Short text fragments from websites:
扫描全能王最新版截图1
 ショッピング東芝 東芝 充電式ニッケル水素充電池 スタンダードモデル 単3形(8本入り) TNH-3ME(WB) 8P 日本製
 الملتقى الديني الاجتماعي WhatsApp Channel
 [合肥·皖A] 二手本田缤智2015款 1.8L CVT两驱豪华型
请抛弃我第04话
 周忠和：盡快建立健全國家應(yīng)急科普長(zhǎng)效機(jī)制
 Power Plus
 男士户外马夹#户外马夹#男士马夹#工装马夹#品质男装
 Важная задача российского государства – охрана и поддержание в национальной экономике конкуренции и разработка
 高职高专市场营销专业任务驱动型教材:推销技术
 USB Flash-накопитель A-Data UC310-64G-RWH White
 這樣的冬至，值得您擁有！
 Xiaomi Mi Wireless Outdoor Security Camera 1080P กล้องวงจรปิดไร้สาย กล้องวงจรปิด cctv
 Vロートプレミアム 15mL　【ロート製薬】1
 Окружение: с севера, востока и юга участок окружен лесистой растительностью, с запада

#### [TASK BRIEF]
The records shown above are to be retyped exactly, with none omitted.

#### [TASK RESULT]
扫描全能王最新版截图1
 ショッピング東芝 東芝 充電式ニッケル水素充電池 スタンダードモデル 単3形(8本入り) TNH-3ME(WB) 8P 日本製
 الملتقى الديني الاجتماعي WhatsApp Channel
 [合肥·皖A] 二手本田缤智2015款 1.8L CVT两驱豪华型
请抛弃我第04话
 周忠和：盡快建立健全國家應(yīng)急科普長(zhǎng)效機(jī)制
 Power Plus
 男士户外马夹#户外马夹#男士马夹#工装马夹#品质男装
 Важная задача российского государства – охрана и поддержание в национальной экономике конкуренции и разработка
 高职高专市场营销专业任务驱动型教材:推销技术
 USB Flash-накопитель A-Data UC310-64G-RWH White
 這樣的冬至，值得您擁有！
 Xiaomi Mi Wireless Outdoor Security Camera 1080P กล้องวงจรปิดไร้สาย กล้องวงจรปิด cctv
 Vロートプレミアム 15mL　【ロート製薬】1
 Окружение: с севера, востока и юга участок окружен лесистой растительностью, с запада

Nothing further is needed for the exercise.